Inequality weakens the social fabric of society and damages the quality of social relations, it also makes social status more important. In a society of inequality where some people are worth everything, and some people are worth nothing; conceptions of self-worth are heightened. We are all more worried about how we are seen, judged and how we fit into society. Class, status, status insecurity, status competition; all of these matter in a more unequal society.
Q: How do politics and commerce contribute to inequality?
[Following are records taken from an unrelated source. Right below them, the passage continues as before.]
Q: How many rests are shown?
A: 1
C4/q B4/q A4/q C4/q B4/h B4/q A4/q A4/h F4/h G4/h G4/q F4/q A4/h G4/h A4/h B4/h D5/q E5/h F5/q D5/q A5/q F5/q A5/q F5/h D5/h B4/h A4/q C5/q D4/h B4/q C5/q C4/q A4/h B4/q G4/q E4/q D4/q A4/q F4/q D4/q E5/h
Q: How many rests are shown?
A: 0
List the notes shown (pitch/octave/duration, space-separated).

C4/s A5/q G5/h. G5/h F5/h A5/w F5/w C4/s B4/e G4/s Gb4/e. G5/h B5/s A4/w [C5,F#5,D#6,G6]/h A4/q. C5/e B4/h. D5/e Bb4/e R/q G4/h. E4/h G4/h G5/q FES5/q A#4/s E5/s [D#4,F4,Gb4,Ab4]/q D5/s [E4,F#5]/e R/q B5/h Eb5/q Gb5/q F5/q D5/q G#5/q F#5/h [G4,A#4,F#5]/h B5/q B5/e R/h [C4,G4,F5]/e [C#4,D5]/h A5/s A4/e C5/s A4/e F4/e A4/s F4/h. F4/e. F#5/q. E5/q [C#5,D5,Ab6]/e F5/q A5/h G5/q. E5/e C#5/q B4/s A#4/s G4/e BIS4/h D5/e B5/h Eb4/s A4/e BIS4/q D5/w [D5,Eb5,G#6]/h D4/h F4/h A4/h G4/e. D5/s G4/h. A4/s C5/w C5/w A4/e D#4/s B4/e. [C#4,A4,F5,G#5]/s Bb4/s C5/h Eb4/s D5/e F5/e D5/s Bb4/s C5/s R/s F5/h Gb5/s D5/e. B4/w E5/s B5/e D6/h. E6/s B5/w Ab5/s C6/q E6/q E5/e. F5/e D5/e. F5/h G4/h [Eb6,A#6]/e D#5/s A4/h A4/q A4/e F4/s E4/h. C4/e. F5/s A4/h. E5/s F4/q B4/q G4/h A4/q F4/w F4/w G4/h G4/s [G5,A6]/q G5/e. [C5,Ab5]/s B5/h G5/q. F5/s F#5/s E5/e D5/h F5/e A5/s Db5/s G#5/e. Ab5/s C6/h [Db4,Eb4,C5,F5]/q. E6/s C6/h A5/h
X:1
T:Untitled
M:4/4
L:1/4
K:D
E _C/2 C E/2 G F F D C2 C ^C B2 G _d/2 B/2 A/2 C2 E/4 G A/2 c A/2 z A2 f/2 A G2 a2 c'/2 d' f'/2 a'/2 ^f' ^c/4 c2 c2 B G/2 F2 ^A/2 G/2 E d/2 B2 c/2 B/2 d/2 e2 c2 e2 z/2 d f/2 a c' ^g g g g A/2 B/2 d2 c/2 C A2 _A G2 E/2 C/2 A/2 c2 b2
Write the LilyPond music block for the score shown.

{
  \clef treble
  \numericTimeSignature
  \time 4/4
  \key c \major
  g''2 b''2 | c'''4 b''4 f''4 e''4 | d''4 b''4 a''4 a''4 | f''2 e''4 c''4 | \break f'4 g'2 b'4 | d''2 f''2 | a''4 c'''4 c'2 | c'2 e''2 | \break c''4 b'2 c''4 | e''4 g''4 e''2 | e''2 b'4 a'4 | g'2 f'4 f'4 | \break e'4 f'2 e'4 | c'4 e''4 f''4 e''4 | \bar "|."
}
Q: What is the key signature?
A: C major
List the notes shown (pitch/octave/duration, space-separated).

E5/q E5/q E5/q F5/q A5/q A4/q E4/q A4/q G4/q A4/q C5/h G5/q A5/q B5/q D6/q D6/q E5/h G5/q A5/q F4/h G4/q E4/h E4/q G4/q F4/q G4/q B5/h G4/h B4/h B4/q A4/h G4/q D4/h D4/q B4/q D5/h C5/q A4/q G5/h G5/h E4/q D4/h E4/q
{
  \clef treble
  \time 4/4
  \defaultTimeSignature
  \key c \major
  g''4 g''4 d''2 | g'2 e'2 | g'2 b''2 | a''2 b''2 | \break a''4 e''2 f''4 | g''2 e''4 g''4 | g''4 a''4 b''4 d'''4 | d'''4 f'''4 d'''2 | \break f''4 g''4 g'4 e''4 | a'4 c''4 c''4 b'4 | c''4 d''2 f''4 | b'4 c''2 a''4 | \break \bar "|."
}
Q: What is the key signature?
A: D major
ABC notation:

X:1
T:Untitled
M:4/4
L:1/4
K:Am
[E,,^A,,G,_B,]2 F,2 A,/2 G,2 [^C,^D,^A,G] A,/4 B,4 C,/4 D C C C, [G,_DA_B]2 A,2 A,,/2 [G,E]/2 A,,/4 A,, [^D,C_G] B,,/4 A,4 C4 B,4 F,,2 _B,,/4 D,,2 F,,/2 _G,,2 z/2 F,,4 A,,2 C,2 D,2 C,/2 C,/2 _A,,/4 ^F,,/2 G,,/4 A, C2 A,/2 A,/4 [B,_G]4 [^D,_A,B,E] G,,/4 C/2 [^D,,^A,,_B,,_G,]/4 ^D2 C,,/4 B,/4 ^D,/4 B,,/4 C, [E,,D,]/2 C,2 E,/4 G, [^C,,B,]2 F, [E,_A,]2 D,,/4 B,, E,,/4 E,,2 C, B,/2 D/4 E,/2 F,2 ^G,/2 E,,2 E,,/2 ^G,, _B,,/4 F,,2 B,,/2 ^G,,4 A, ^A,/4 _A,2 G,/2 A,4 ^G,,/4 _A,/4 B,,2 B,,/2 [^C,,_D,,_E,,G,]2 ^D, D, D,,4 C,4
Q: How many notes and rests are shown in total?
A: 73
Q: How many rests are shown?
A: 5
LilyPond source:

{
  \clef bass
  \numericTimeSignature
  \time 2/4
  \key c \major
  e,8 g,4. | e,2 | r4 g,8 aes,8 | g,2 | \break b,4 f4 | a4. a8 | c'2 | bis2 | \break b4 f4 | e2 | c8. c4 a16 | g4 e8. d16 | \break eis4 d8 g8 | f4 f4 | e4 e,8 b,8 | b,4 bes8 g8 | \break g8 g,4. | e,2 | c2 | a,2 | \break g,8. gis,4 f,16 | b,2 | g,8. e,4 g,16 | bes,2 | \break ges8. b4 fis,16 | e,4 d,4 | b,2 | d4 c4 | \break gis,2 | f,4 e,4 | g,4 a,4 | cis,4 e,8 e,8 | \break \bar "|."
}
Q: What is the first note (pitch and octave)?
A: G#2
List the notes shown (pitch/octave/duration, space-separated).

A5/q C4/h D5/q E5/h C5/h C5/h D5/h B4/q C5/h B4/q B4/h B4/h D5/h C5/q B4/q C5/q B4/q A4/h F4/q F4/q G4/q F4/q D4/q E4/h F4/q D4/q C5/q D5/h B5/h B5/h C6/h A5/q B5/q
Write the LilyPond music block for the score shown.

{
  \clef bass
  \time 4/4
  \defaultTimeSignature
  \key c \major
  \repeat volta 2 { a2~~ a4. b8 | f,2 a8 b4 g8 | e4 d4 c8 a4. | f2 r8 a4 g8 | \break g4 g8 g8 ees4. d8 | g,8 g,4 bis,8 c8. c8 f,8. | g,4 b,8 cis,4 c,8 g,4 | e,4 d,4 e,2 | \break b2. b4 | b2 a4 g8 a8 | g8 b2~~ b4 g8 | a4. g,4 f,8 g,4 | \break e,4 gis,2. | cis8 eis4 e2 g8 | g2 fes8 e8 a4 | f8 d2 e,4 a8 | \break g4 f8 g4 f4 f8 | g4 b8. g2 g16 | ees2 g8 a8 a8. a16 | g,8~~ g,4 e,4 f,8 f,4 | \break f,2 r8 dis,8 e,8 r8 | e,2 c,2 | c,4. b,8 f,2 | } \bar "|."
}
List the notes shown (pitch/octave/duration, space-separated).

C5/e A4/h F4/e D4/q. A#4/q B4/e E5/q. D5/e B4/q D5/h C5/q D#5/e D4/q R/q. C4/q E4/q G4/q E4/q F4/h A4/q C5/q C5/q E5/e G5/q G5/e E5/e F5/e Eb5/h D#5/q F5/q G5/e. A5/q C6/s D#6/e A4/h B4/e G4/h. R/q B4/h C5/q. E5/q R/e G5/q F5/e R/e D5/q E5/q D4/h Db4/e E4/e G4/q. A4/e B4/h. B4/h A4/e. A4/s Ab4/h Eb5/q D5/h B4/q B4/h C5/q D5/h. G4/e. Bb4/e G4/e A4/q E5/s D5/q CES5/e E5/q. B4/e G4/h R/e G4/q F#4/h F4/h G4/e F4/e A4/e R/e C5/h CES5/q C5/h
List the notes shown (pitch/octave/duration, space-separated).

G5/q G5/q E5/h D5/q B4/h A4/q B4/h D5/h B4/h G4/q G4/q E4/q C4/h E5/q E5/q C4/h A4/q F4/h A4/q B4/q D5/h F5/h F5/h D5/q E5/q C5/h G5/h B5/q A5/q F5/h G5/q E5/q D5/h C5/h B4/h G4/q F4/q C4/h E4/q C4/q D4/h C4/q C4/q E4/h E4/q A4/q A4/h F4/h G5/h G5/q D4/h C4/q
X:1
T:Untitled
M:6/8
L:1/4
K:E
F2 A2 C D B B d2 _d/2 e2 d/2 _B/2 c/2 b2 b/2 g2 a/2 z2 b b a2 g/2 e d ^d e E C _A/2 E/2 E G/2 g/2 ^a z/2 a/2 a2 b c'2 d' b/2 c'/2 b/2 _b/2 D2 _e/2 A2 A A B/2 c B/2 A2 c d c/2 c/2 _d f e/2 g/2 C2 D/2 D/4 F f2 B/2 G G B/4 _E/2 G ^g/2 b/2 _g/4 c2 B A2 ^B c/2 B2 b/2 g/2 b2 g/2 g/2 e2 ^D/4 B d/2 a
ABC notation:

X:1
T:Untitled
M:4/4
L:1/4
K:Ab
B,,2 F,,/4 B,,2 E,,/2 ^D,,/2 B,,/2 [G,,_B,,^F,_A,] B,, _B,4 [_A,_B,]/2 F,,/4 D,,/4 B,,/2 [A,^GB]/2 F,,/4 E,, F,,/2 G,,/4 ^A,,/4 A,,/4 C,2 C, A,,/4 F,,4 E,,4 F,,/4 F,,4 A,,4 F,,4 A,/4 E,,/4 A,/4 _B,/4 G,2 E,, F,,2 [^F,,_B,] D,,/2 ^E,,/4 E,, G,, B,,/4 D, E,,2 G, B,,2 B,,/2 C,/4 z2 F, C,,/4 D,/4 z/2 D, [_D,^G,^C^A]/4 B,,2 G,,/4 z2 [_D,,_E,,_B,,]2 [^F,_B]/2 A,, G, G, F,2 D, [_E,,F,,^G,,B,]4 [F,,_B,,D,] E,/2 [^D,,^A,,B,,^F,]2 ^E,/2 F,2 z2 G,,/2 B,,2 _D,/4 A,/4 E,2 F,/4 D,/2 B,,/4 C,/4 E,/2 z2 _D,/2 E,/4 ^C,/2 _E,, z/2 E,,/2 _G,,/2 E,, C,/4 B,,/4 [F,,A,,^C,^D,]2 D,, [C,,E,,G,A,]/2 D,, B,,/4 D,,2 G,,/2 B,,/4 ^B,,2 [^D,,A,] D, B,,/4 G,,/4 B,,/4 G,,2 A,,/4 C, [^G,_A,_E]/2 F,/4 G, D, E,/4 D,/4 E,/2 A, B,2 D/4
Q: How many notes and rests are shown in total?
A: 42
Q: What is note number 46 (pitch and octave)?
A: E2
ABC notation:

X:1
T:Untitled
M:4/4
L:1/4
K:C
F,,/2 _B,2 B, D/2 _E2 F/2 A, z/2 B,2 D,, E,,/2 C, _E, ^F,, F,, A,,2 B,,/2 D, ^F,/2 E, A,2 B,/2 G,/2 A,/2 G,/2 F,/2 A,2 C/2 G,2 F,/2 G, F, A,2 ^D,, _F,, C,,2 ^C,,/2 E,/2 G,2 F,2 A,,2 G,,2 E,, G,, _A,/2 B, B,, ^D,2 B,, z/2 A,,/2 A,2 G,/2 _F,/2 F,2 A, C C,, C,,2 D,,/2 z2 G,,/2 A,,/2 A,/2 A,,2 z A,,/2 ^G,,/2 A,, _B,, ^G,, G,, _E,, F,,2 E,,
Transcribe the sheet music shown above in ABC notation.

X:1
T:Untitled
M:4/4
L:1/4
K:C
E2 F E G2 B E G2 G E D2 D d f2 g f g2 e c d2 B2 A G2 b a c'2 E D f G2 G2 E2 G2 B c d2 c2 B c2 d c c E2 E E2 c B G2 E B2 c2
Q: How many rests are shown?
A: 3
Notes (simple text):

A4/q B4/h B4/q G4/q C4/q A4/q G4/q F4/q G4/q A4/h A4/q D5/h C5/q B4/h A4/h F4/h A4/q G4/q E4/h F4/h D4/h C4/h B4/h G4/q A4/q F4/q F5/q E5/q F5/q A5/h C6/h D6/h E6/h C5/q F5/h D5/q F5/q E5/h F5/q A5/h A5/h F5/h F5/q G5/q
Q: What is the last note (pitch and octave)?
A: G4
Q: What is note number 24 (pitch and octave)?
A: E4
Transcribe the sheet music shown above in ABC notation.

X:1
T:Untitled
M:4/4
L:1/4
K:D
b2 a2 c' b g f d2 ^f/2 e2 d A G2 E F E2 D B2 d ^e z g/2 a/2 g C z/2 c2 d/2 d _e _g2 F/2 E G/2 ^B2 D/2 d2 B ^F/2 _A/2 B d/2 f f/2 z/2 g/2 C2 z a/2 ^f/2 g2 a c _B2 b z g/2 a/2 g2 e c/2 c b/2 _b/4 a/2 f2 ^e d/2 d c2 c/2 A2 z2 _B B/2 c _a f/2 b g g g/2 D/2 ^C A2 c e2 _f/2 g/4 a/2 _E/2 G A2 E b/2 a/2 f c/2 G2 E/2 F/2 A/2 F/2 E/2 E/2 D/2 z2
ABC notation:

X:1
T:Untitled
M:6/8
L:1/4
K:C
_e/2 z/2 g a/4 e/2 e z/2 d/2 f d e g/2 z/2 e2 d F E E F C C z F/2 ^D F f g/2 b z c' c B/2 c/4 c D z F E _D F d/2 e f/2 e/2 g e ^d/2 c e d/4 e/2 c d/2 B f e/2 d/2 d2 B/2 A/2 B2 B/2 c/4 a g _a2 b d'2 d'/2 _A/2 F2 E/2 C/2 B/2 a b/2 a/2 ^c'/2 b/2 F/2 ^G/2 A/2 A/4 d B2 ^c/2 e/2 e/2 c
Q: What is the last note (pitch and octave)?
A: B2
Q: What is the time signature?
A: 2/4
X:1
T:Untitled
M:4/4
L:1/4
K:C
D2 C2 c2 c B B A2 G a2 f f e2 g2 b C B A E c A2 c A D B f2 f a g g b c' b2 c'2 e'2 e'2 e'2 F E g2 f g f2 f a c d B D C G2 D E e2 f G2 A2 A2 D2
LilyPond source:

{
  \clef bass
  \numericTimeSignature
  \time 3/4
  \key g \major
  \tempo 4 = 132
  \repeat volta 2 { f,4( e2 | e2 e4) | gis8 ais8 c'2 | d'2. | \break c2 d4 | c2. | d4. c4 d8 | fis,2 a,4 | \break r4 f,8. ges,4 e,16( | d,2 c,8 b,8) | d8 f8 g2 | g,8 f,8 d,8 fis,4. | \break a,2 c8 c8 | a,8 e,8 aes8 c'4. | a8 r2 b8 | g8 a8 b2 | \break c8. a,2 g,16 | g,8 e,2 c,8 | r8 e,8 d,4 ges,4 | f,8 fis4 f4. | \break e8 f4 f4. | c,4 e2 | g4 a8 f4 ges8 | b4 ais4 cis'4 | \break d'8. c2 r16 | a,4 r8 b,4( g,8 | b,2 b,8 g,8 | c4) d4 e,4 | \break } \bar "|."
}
[Professor Richard Wilkinson] If you look at the ‘U-Shaped’ curve in inequality through the 20th century- you can see that politics is behind this. The strength of the labour movement, social democratic parties, and any countervailing voice in society was strengthened during this period. Roosevelt himself said that we must reform to preserve. There was a sense of society and an economic system under threat. The way forward was to move to greater equality. As that voice weakened from the 1970’s onward, the income differences widened again. CEOs, bankers and so on had no real democratic constraint on what they did; and there were no countervailing voices keeping their incomes in check.
Q: How does income inequality impact social mobility?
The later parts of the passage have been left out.